Astra in January asked the ADR panel to stay proceedings against it pending the outcome of its case challenging the federal government’s May 2021 determination that Astra’s conditions on 340B pricing when covered entities use contract pharmacies is illegal. Astra also said the panel should stay the proceedings given that the government has said it will publish new 340B ADR regulations.

Federal District Judge Leonard Stark of the District of Delaware ruled on Feb. 16 that the U.S. Health Resources and Services Administration (HRSA) did not comply with the federal Administrative Procedure Act when it issued its 340B program violation letter to Astra.

After Stark’s ruling, the 340B ADR panel ordered Astra and two health centers that filed the petition against it—Little Rivers Health Care in Vermont and FamilyCare Health Center in West Virginia—to file supplemental briefs addressing whether Stark’s decision should influence its decision on whether to grant Astra’s motion for an indefinite stay. The two sides filed those briefs on March 2.

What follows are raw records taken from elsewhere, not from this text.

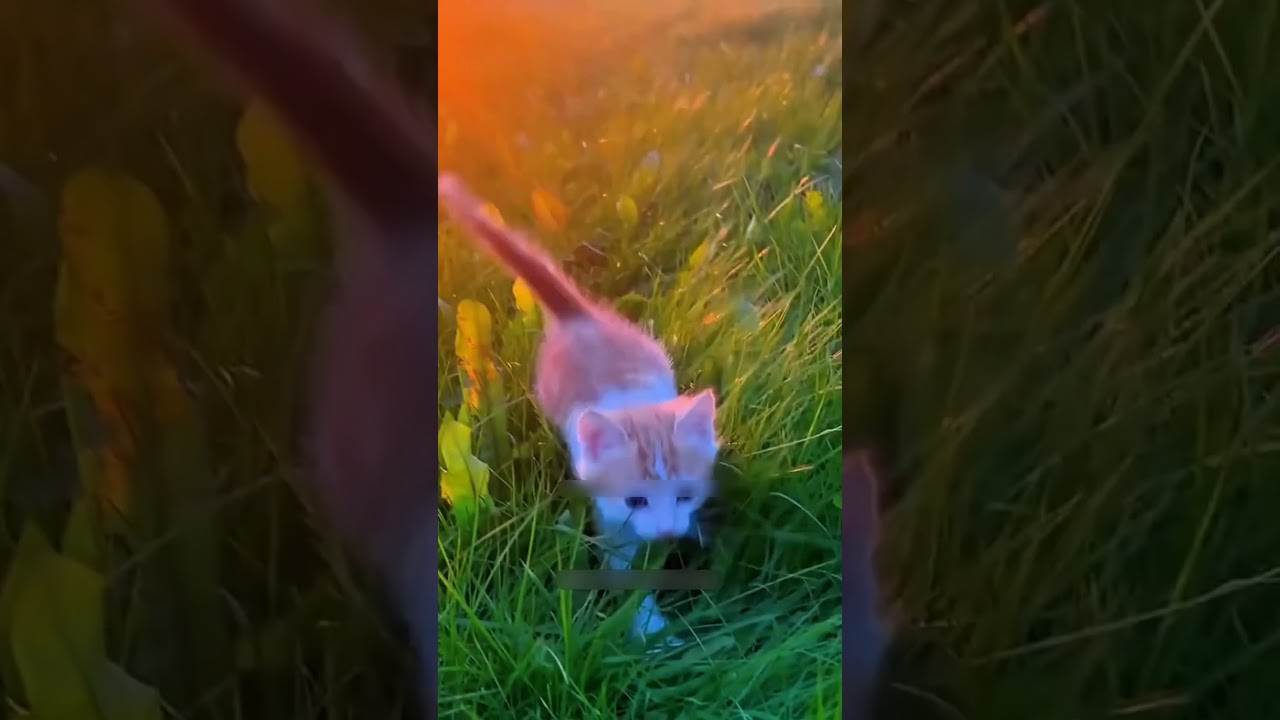 #cat #funny #happycats #catmemes #music #memes #trending #trendingshorts #new #reels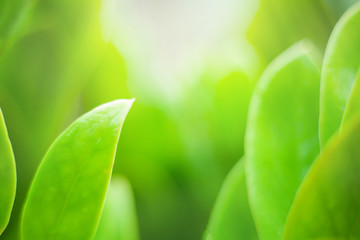 closeup nature view of green leaf on blurred background and sunlight, fresh wallpaper concept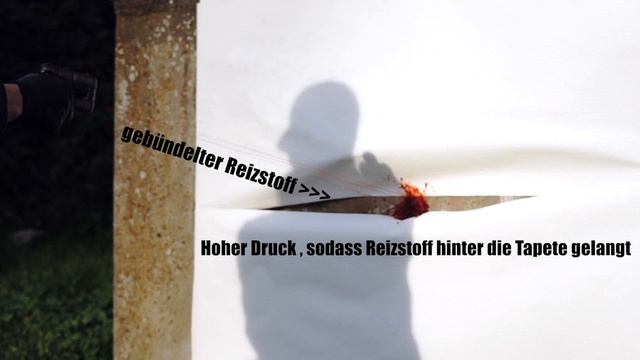 Guardian Angel 4 Review Deutsch смотреть онлайн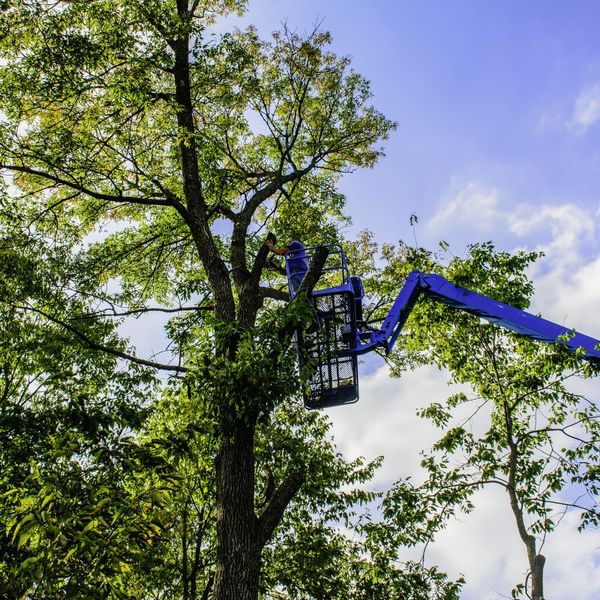 What to Expect From J & S Tree Service Inc. Tree Removal2.jpg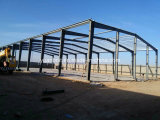 Steel Structure Workshop of Steel Building Project for Algeria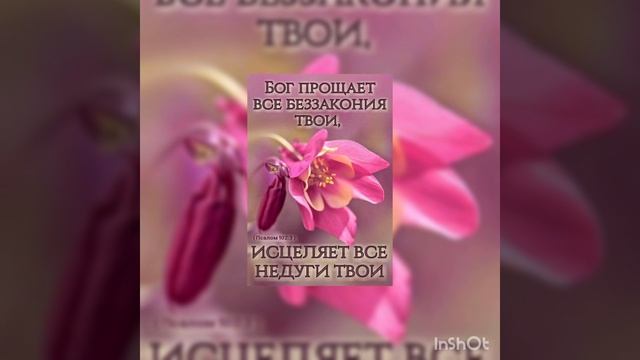 Он прощает все беззакония твои исцеляет все недуги твоиПсалтирь 102:3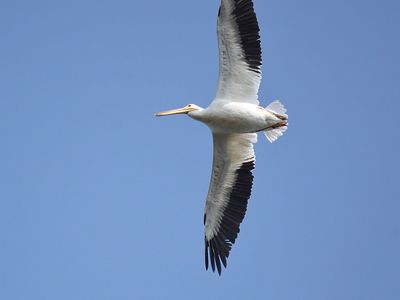 white pelican BRD3040.JPG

What the two sides argued in their briefs last week isn’t known. The U.S. Health Resources and Services Administration (HRSA) does not make the docket in 340B ADR proceedings accessible to the public.

The disclosure about the ADR panel’s order for the supplemental briefs came in a March 4 joint status report in RWC-340B’s lawsuit against HRSA to compel the agency to publish long-delayed 340B ADR regulations, which HRSA ultimately did in December 2020.

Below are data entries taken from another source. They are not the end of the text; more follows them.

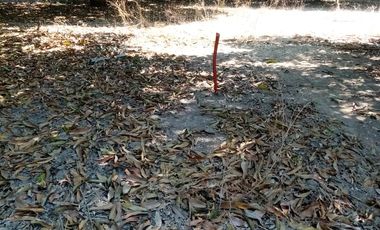 VT-004 RANCHO EN PRODUCCION  A  30 MINUTOS DE ACAPULCO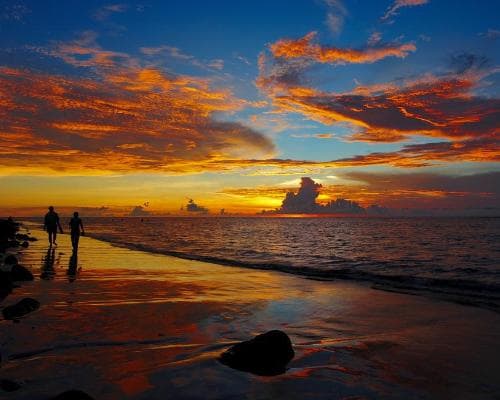 Cooking Lesson with Market Visit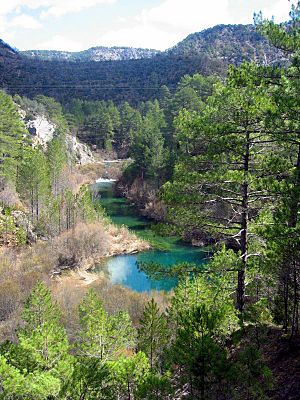 Alto Tajo. Poveda de la Sierra.jpg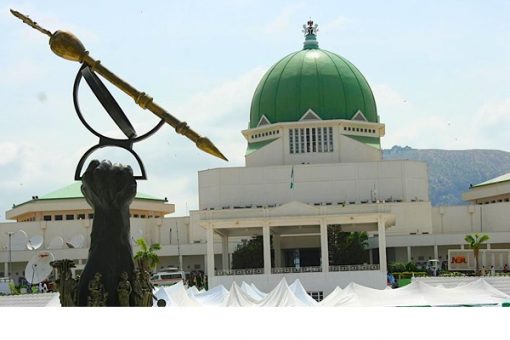 Anioma Movement Hails National Assembly Over Proposed Southeast State
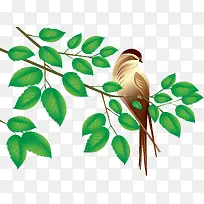 矢量手绘鸟-空若网 矢量手绘鸟-空若网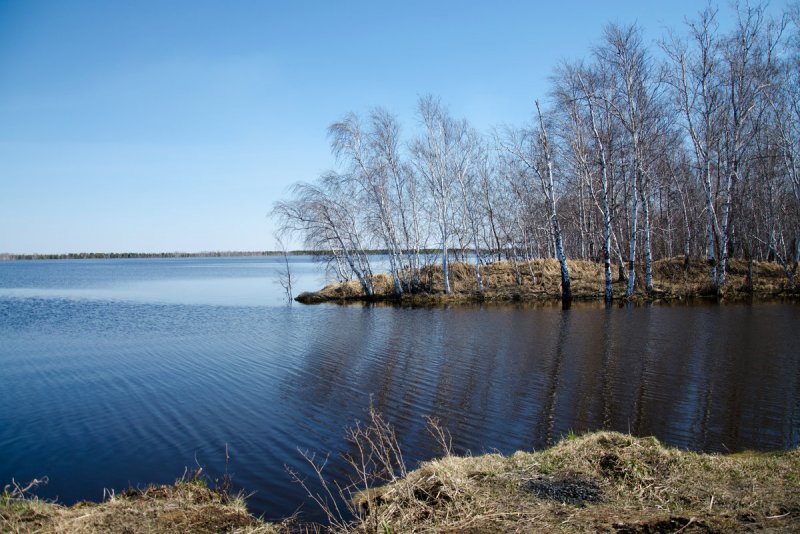 Река Омь Омская область
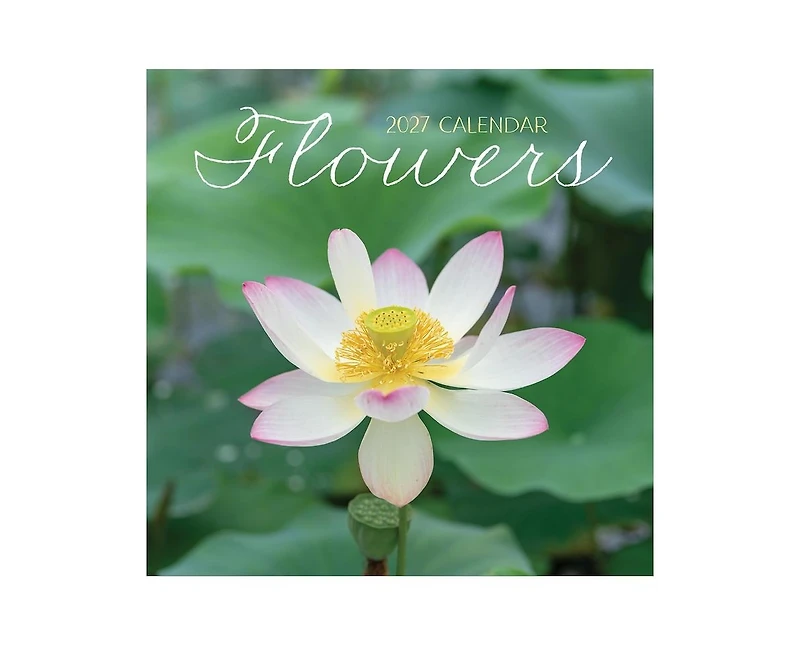 Tf Publishing Paper Goods 2027 Flowers Mini Calendar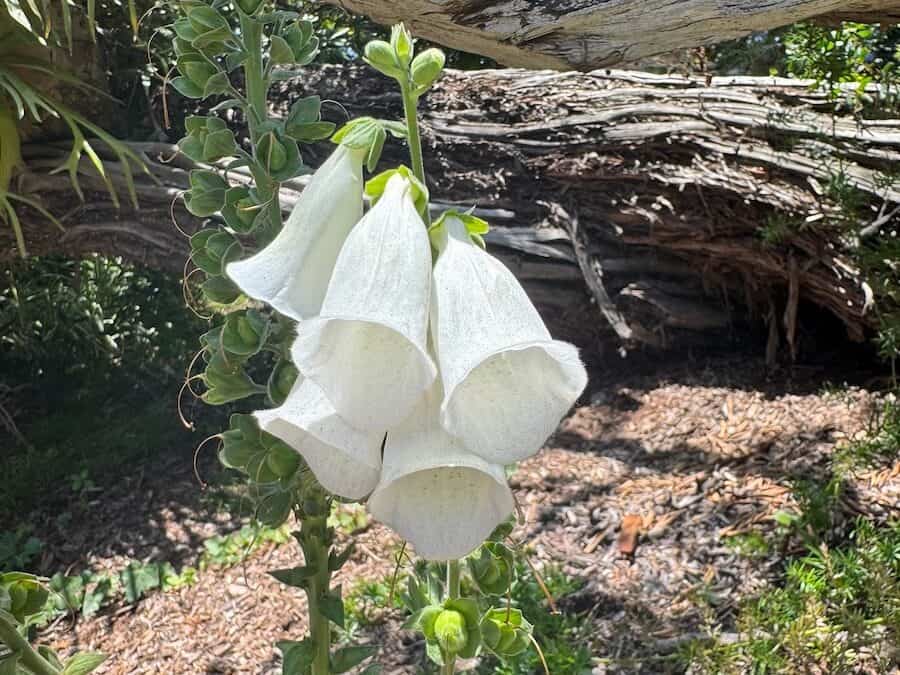 White flowers at the self-realization fellowship Hermitage Meditation Gardens in Escondido, CA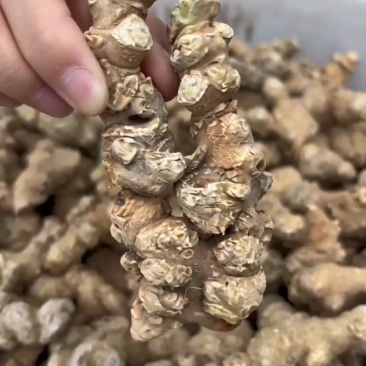 竹节参成品干货自产自销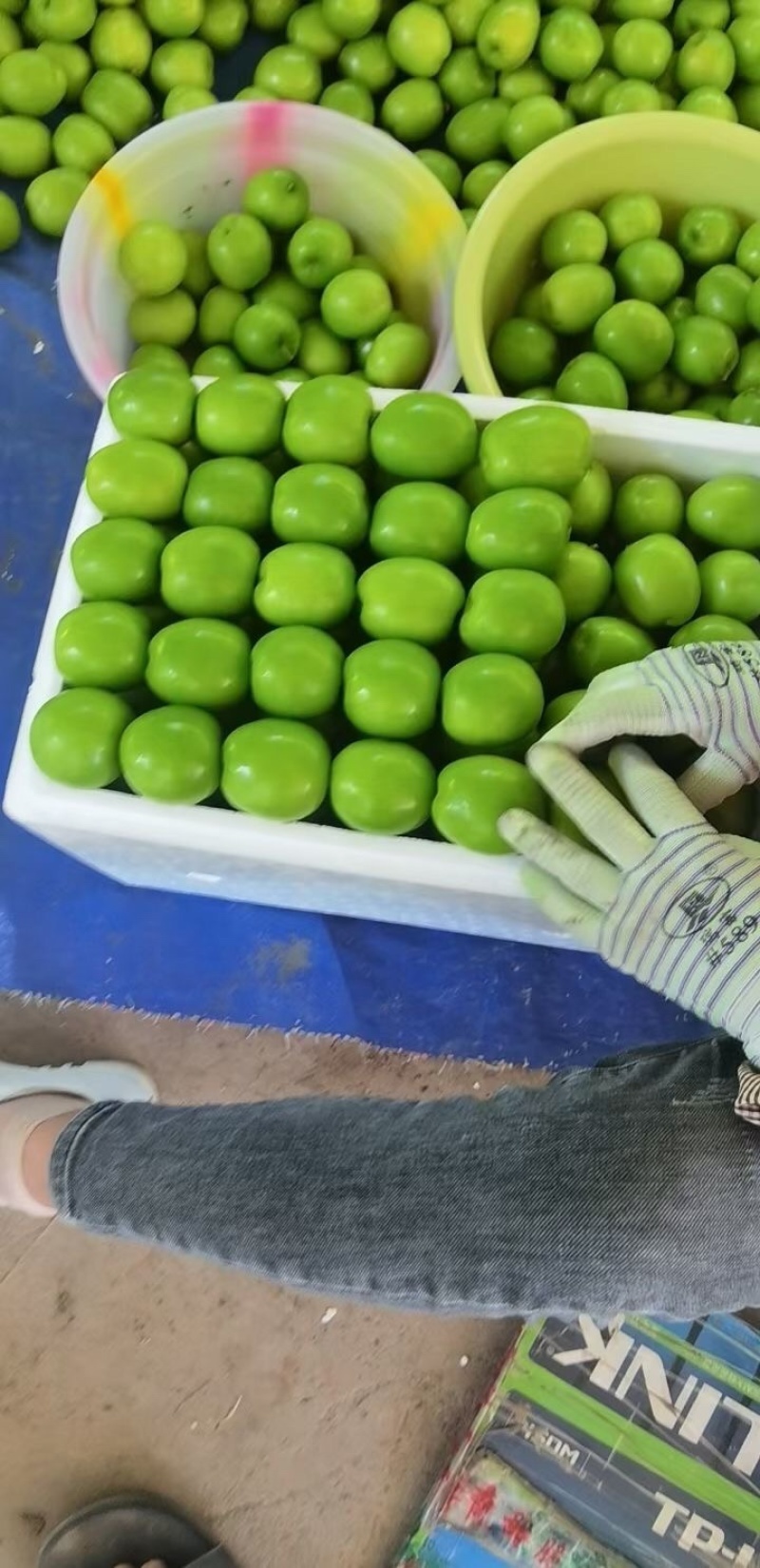 云南应季水果青枣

These status reports, and similar ones in the National Association of Community Health Centers’ companion lawsuit against HRSA, include details from time to time about what is happening in Little Rivers and FamilyCare’s ADR petition against Astra and in NACHC’s two ADR petitions against, one against Lilly and the other against Astra and Sanofi.

There is a federal district court injunction against ADR proceedings against Lilly.

Last month, a 340B ADR panel denied Astra and Sanofi’s motion for a stay in the proceedings that NACHC brought against them. The panel, however, denied the stay the day before Judge Stark ruled in Astra’s favor in its lawsuit against HRSA.